Now, what do these networks actually mean? As it is our goal to shed light on the relationship between ceramics and the dynamics of Roman trade, we should be very critical and clear about this point. We state that when sites have evidence of a specific pottery form in common, they have a connection of some sort. The nature of this connection represents, in its broadest sense, the distribution network of a pottery form. What network analysis allows us to do is to analyse the structure of these distribution networks, which will help us understand the processes that reach, maintain and evolve these structures.
A first step in our attempt at understanding the structure of Roman ceramic distributions lies in identifying strong components using m-slices (de Nooy 2005: 109-113) : we will look for vertices which are strongly connected to each other and have high edge values (ie. number of sites or co-present forms). For the first one-mode network (Fig. 2) such a strong component will contain sites that are all part of the distribution networks of a variety of pottery forms. In this fictitious example Athens, Rhodes and Sparta all have evidence of the same two pottery forms (EAA1 and EAA2), which might lead us to conclude that similar processes led to the deposition of these specific sherds on these sites. For the second one-mode network (Fig. 3) the strong components indicate pottery forms that are present in the same sites and, therefore, have a similar distribution pattern.
Such an analysis might considerably improve our understanding of ceramic distributions as it allows us to answer questions such as: What pottery forms had a similar distribution? Can this be explained by the proximity of the producing centre to the consuming sites? Is there a significant difference in the distribution of pottery forms made from the same ceramic ware group (ie. the same producing region)? Is there a similarity between distribution patterns of forms from different wares (which might indicate similar processes of distribution for different producing centres)?
Apart from identifying clusters of sites that form part of similar distribution networks and pottery forms that had a comparable distribution, we can examine the position of individual sites in these networks. When we restrict our attention to the connections in the networks, we get an impression of the diversity of trade relations. Every edge represents the membership of a site or pottery form to a distribution network. Vertices with many edges have access to many and diverse distribution networks, which might indicate better knowledge of trade patterns or a stronger position in pottery trade, as more information on pottery distribution networks is at their disposal. Such aspects can be studied by focusing solely on the number of absolute or relative edges, using methods to define degree, K-cores, closeness, betweenness, bridges and week ties. Although we can’t elaborate on their exact application here, these measurements help us understand the position and roles of sites and pottery forms in different distribution networks. We might be able to identify sites which played a dominant or regulating role in the distribution of specific pottery forms or wares. We would like to stress that identifying such sites is crucial in any attempt to reconstruct trade routes, as they might serve to fill in the gaps on a transportation route from producing centres to consuming centres.

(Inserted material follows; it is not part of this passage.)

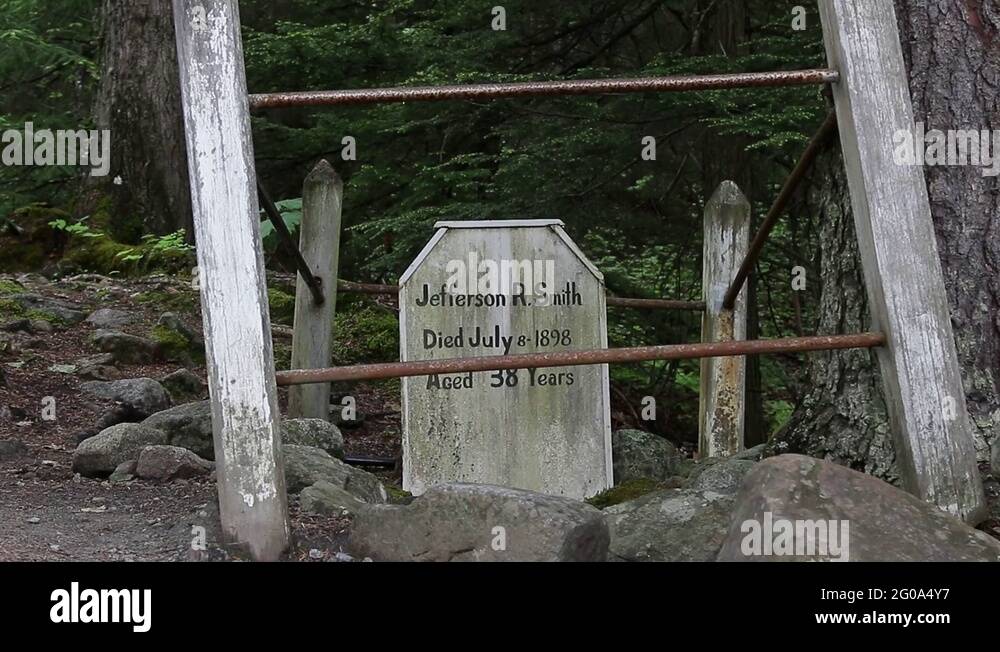 Grave of Soapy Smith on Historic Skagway Pioneer Graveyard Stock Video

Another strength of our approach will lie in the analysis of networks from different time periods, allowing for the evolution of distribution patterns to become apparent, and threshold periods to be identified.
This type of networks will form the basis for a comparison with contemporary shortest-path networks, described in the next method update.
The analysis of the structure of the distribution patterns as they are represented in the co-presence networks will be studied in more detail using hierarchical clustering based on dissimilarity measurements. This refinement of our method will be described in a later blog post.